Solved Problem: A Story About Big Data in a Little Space

Python

2012-07-02

As part of the API project for this iPad app I'm working on, we have to pull down, filter and ingest thousands of Gb of song data from a major music information source. This data is offered to commercial partners in two formats - a relational database or a collection of plain text files. They don't offer any tools for filtering - you have to take all of the data and then whittle down to just what you need.

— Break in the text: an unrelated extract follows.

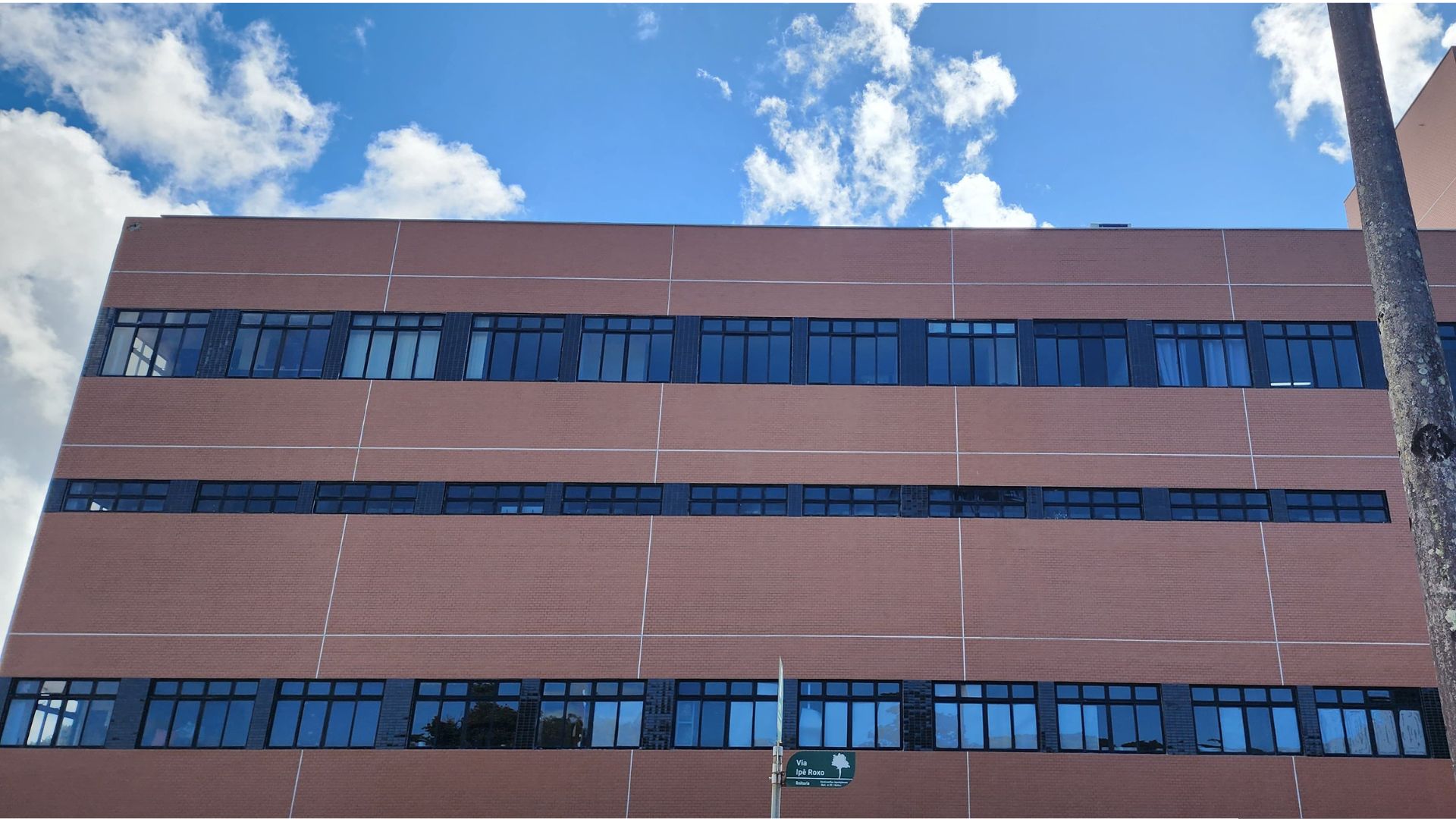 Nota de Solidariedade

The relational database turned out to be not an option. It comes in four separate tables, but includes metadata for EVERYTHING this source provides - apps, songs, books, TV shows, etc. While it would have been easier to manage the filtering via SQL, it would have meant downloading the entire database and then eliminating what we didn't need. In a truly bonehead error in judgement, I did try pulling the database pieces down to our dev db server, not realizing how full it already was. A few bad things happened, mostly tools that broke down, but it was all on staging so no real harm done. Long story short, we didn't have adequate server space to go this route, and putting in a dedicated db server just for this project was not an option due to budget limitations. This may not be a problem for you.

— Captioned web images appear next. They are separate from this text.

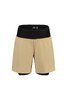 Maloja ChanalM. Trail Running Shorts gravel XL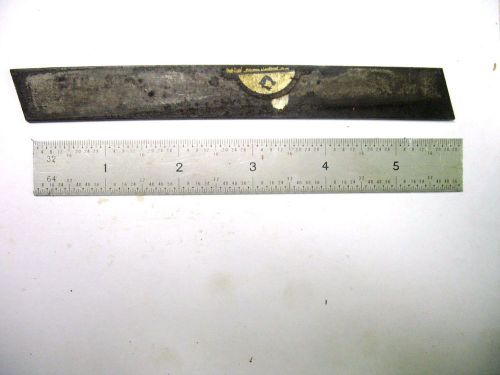NEW USA MADE ARMSTRONG CUTOFF-PARTING TOOL 1/8 x 3/4 x  6&#034; LONG
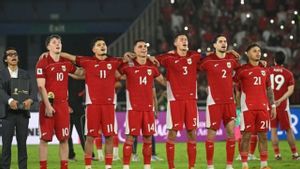 PSSI Rilis Nama-nama Timnas Indonesia di Kualifikasi Piala Dunia, Asnawi Kembali Jadi Andalan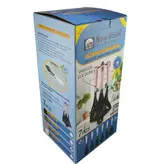 سرویس کفگیر ملاقه 7 پارچه لوله استیل 1201 نیوهوم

So I took a look at the text-based option. Text files were at least available per object type - that is, I could get text files listing music records only, as opposed to having to take app, book, and other data as well. But the text files are split by region, and as of this writing, this music data source supports 51 different regions (they just added another 32, but that change hasn't been reflected in this flat file output yet). The current text file for each region is about 2Gb zipped, and 10Gb expanded. Again, due to budget and other various limitations, I'm processing these files on a staging box, so space is a concern. I couldn't download and expand and work with all 51 files at once, as much as I would have preferred to do that.

So what I came up with was a rotation system. This data is not something that changes rapidly - at least not the portion of it that we use - and updating our own tables once a month was perfectly acceptable. I set up a dictionary assigning two region codes to each day of the month.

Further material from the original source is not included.